Prostate cancer has become so commonly diagnosed that a large study has been conducted to understand its etiological factors and how the onset of the disease can be prevented or delayed.

In 2002, the American Cancer Research Institute published a study in which a group of 16 experts reviewed 4,500 studies related to diet and cancer. They concluded that 200,000 of the 600,000 cancer deaths in the United States each year could be prevented through a combination of dietary changes, adequate physical activity, and maintaining appropriate body weight. They also noted that the cessation of tobacco and alcohol could prevent an additional one-third of cancers.

The concept of preventing or influencing the growth of cancer was studied in the early 1900s. Various animal studies have shown that the rate of cancer growth may have been affected by the type of diet that was applied to animals. In 1942, Tannenbaum demonstrated on animals that a diet high in fat stimulated the growth of cancer. In 1982, the American National Academy of Sciences presented compelling evidence regarding the relationship between dietary fat and cancer. All subsequent epidemiological studies, animal samples, and studies in biochemical and molecular biological processes that attract cancer have emphasized that diet plays a role in carcinogenesis in the process.

Prostate cancer is associated with various hormonal disturbances, genetic predisposition to cancer, oxidative DNA damage caused by chronic prostate inflammation, excessive food intake, obesity, excessive consumption of estrogens and phytoestrogens, and consumption of burnt or charred foods. Although when DNA is damaged, different treatment systems usually fix the problem. The unsuitability of various methods of DNA repair allows the altered cell to continue separating it instead of fixing the problem. One such system is glutatnon S, a P1-1 (GSTpi) recovery mechanism found to be functionally inactive in men with prostate cancer. The increase in data demonstrates the role of aging, diet, environment, lifestyle, and stress-related factors in the process.
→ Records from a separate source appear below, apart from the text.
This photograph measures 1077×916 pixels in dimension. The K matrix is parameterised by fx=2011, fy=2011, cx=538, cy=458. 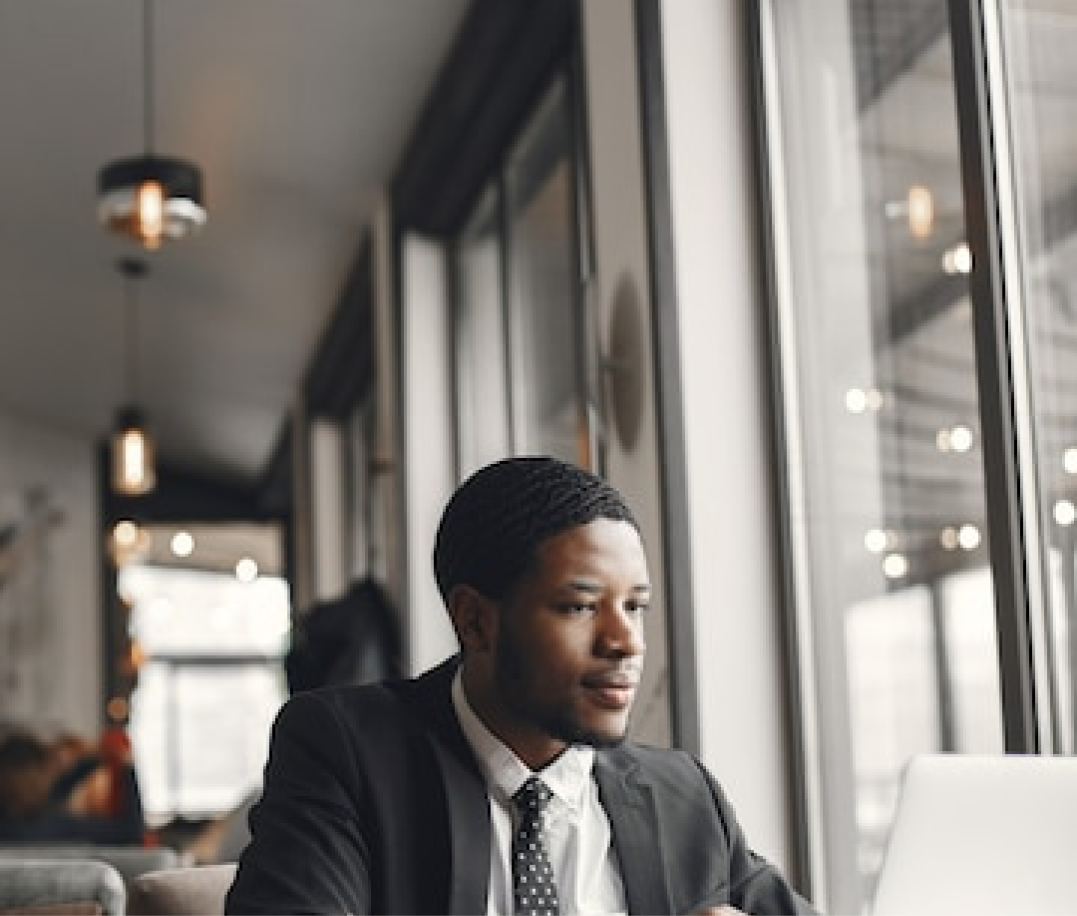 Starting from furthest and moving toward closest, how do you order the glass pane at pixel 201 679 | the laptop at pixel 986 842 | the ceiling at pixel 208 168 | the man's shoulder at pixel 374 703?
the glass pane at pixel 201 679 → the ceiling at pixel 208 168 → the laptop at pixel 986 842 → the man's shoulder at pixel 374 703

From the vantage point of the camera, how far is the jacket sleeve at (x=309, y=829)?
1.83 metres

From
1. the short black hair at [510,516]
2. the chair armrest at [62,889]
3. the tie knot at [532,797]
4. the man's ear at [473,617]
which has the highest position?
the short black hair at [510,516]

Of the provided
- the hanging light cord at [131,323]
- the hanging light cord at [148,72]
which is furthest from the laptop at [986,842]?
the hanging light cord at [131,323]

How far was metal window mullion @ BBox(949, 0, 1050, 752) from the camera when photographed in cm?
303

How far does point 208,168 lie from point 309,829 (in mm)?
5917

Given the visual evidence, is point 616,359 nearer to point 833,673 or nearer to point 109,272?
point 833,673

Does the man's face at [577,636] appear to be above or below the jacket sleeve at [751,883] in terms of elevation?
above

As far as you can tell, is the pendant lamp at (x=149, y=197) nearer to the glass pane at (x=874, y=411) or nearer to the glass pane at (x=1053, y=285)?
the glass pane at (x=874, y=411)

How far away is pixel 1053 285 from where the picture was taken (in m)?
3.00

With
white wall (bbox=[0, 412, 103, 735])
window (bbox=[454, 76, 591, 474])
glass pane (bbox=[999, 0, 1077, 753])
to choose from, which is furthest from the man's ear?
white wall (bbox=[0, 412, 103, 735])

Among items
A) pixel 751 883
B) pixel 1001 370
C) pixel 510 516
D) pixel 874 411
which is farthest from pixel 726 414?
pixel 510 516

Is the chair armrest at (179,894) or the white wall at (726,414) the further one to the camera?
the white wall at (726,414)

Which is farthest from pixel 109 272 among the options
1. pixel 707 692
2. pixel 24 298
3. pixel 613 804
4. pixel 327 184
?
pixel 613 804

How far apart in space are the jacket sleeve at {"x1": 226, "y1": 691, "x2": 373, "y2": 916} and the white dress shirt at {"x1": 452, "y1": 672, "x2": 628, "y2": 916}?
121 millimetres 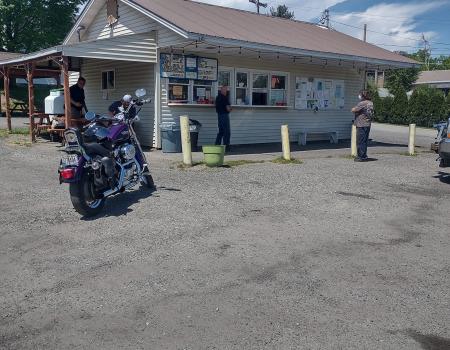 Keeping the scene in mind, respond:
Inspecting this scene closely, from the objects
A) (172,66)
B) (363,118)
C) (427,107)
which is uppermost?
(172,66)

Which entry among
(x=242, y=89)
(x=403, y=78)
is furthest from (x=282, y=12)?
(x=242, y=89)

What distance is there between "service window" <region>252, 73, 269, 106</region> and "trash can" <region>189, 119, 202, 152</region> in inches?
118

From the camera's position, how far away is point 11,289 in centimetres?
449

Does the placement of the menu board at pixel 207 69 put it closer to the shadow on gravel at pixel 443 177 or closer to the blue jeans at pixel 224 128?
the blue jeans at pixel 224 128

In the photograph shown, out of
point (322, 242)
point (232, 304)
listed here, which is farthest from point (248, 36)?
point (232, 304)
Diet is perhaps the most important factor that a person can manage. The strongest association between diet and prostate cancer is obesity. The significant prevalence of gluttony and as a result of obesity, along with other risk factors, may explain the increasing prevalence of the disease. Numerous studies have shown that obese men have a greater risk of death from prostate cancer, developing more aggressive cancer and overcoming the recurent ratio of the disease after radiation therapy or surgery.

Heavy men who lose weight reduce the risk of prostate cancer. Obese men tend to have lower serum testosterone levels and a certain serum for prostate antigen (PSA) level and are more likely to experience an early cancer rate after primary therapy. A cancer prevention study showed that men with a body mass index (BMI) were 32.5 kg/m2, 35% more likely to die from prostate cancer than men whose BMI was less than 25%.

Each study of prostate cancer with survival eventually found that most patients die from causes other than prostate cancer, mainly cardiovascular disease. Therefore, the virtues of food measures are made up in that they are applicable to the prevention of prostate cancer and in the control of cardiovascular disease.

A lot of research has been done to understand the molecular biology that links diet to prostate cancer. These studies are difficult to implement and often lead to conflicting results. Obtaining data from animal research on humans is often a mistake, but it reduces the number of human studies.